The only danger is that McKay tends to dominate when he is on-screen, with the danger that he outshines other actors in his scenes, as Welles would have done in real life. There is a real sense that McKay relishes in his role, able to hide behind such a fantastically dynamic alter ego, and in doing so, embodies a genuine and heartfelt portrayal.
However, equally important as the “Me” of the title, Efron holds his own in the film, dispelling any doubt that he can competently perform outside of his familiar all-singing, all-dancing territory. At times it can feel like the film is acting as a showcase for Efron, and goes too far in trying to prove a point. While not spectacular, he embodies the youthful cockiness of a young man picked out of a mundane life to work within the hubbub of a theatre troupe, and is endearingly vulnerable in the moments where Richard finds himself down on his luck.

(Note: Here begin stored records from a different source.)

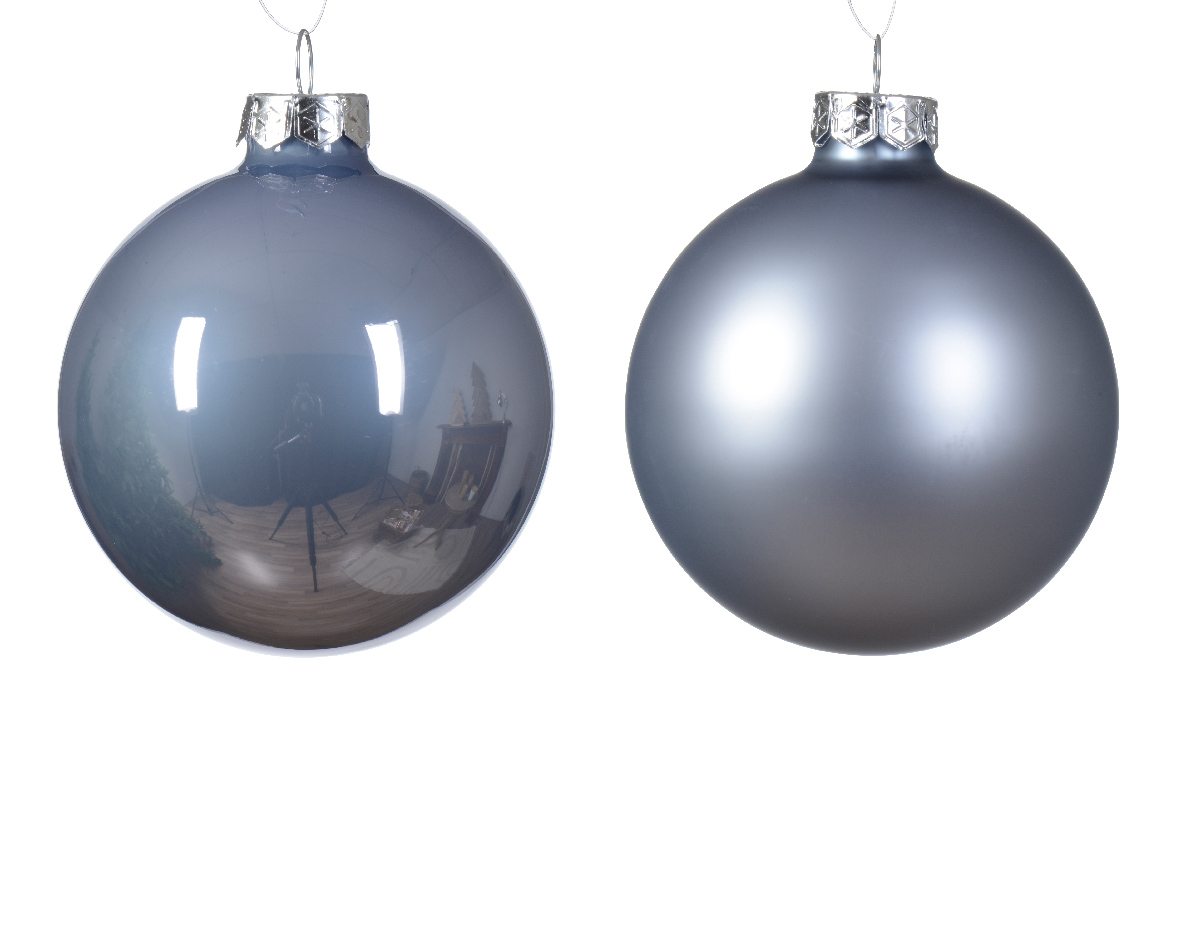 Kerstbal glas d8 cm mblw ass 6st kerst - Decoris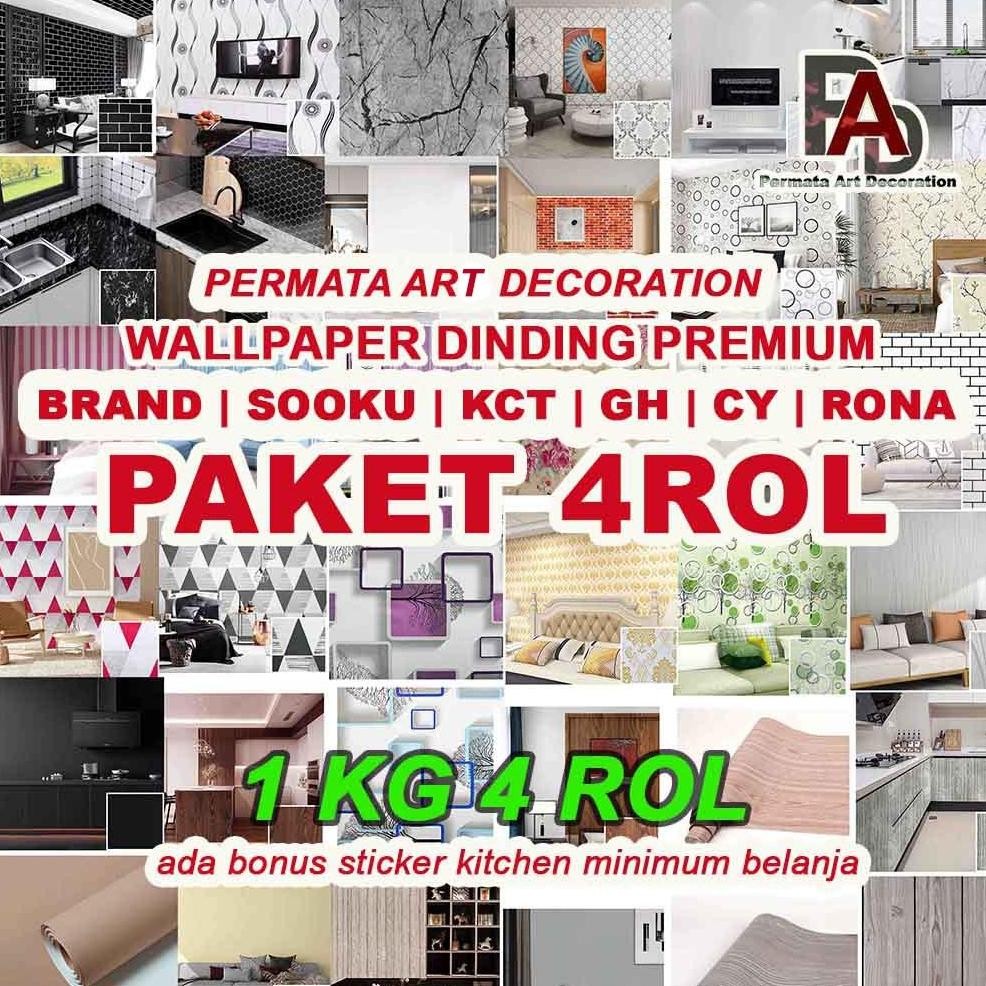 Paket 4 Roll ...!! Wallpaper Sticker Dinding | Ruang Tamu | Kamar | Dapur|Cantik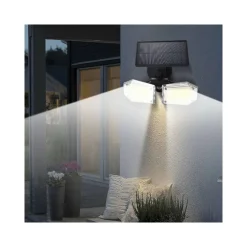 FARETTO DOPPIO A PARETE CON PANNELLO SOLARE SENSORE MOVIMENTO E CREPUSCOLARE 270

The interaction between Richard and Sonja is well played, although Danes’ Sonja lacks any empathetic qualities, which dampens an otherwise astute performance. Her forthright attitude towards her ambitious plans to climb the career ladder gloss over the way she is treated by the powerful men in the film and, although she appears in control of her situation, she is a sorry character if not a sympathetic one.
The real strength of the film is its ability to replicate what it may have been like to work around Welles in the theatre, to bathe in the light of his praise or feel the sting of his casual dismissal, which is conveyed brilliantly throughout. While the dialogue is engaging and witty, it feels like Me and Orson Welles thinks it is cleverer than it really is. Although the film is charming with many tender moments between the characters, it doesn’t quite carry an emotional resonance to the extent that it should. The scenes that frame the film, Richard’s chance encounters with aspiring writer Gretta Adler (Zoe Kazan) showcase some delicately powerful acting, but are too clumsily placed in the narrative and so come off as insincere.
As Welles himself once said, “If you want a happy ending, that depends, of course, on where you stop your story” and, indeed, we are never quite sure what Richard really learns from his experience with Welles, if anything at all, although the resolution of the film is optimistic it feels a little empty.